LinkedIn Network Analysis
2021, Dec 01
Visualise my LinkedIn Social network using networkx and plotly to improve my understanding on network and graphy theories.
## Installing Libraries
import numpy as np
import pandas as pd
import networkx as nx
from pyvis import network as net
import janitor
import plotly.express as px
%matplotlib inline
import matplotlib.pyplot as plt
import seaborn as sns
from IPython.core.display import display, HTML
## Loading dataset
df = pd.read_csv('data/Connections.csv',skiprows=2)
df.info() # summary info
<class 'pandas.core.frame.DataFrame'>
RangeIndex: 400 entries, 0 to 399
Data columns (total 6 columns):
# Column Non-Null Count Dtype
--- ------ -------------- -----
0 First Name 397 non-null object
1 Last Name 397 non-null object
2 Email Address 7 non-null object
3 Company 390 non-null object
4 Position 390 non-null object
5 Connected On 400 non-null object
dtypes: object(6)
memory usage: 18.9+ KB
At a quick glance, I have about 400 connections.
Data Cleaning
I will perform some cleaning, remove unnecessary attributes and remove null values from the data.
new_df = (
df.clean_names() # remove spacing and capitalisation
.drop(columns=['first_name','last_name','email_address']) # dropped first, last and email
.dropna(subset=['company','position']) # remove null values in company and position
.to_datetime('connected_on', format='%d %b %Y') # convert date column to datetime object
)
new_df.head()
company | position | connected_on | |
---|---|---|---|
0 | InfoCepts | Talent Acquisition Lead | 2021-11-28 |
1 | Yara International | Associate data engineer | 2021-11-27 |
2 | Yara International | Lead Recruiter, Digital Ag Solutions | 2021-11-25 |
3 | Yara International | Data Scientist | 2021-11-25 |
4 | Yara International | Associate Digital Information Specialist | 2021-11-25 |
Data Exploration
- Connnections at a glance
- New connections over time
- Top 15 companies my connections work at
- Top 15 roles my connections work as
Connections at a glance
new_df1 = new_df[['company','position']]
new_df1['My Network'] = 'My Network'
px.treemap(new_df1, path=['My Network', 'company', 'position'], width=1200, height=1200)
New Connections over time
daily_connections = (new_df
.groupby(by=['connected_on']) # group by date
.size() # sum up new connections per day
.plot() # plot line chart
)
Looking at the number of new connections over time since i joined LinkedIn, bulk of my connections were created during the start - period between end 2019 and start of 2020).

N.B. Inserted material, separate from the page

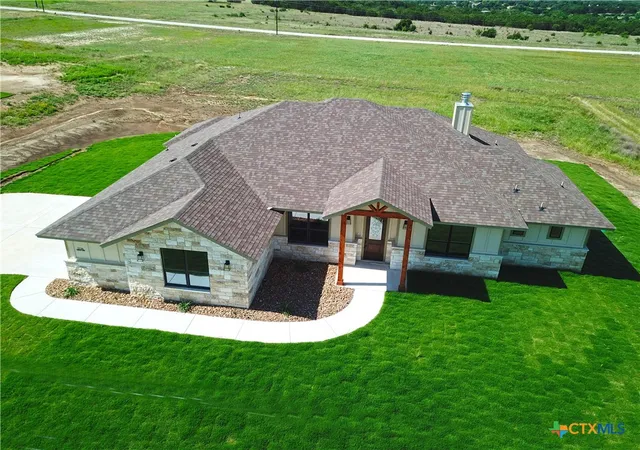 2nd image of 1226 Hadley Ln, Copperas Cove, TX 76522 | MLS# 599342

Top 15 companies my connections work at
companies_count = (new_df
.groupby(by=['company']) # group by country
.size() # sum up count for each company
.to_frame('size') # convert to frame
.sort_values(by=['size'],ascending=False) # sort by descending order
.reset_index()
)
companies_count.head(15).plot(kind='barh').invert_yaxis() # convert to horizontal plot
Top 15 roles my connections are working in
position_count = (new_df
.groupby(by=['position']) # group by country
.size() # sum up count for each company
.to_frame('size') # convert to frame
.sort_values(by=['size'],ascending=False) # sort by descending order
)
position_count.head(15).plot(kind='barh').invert_yaxis() # convert to horizontal plot
The top 3 companies my connections are working in are from Yara, Archisen and NTU, which is expected given that I did my undergraduate degree in NTU, worked at Archisen after graduation before joining Yara International.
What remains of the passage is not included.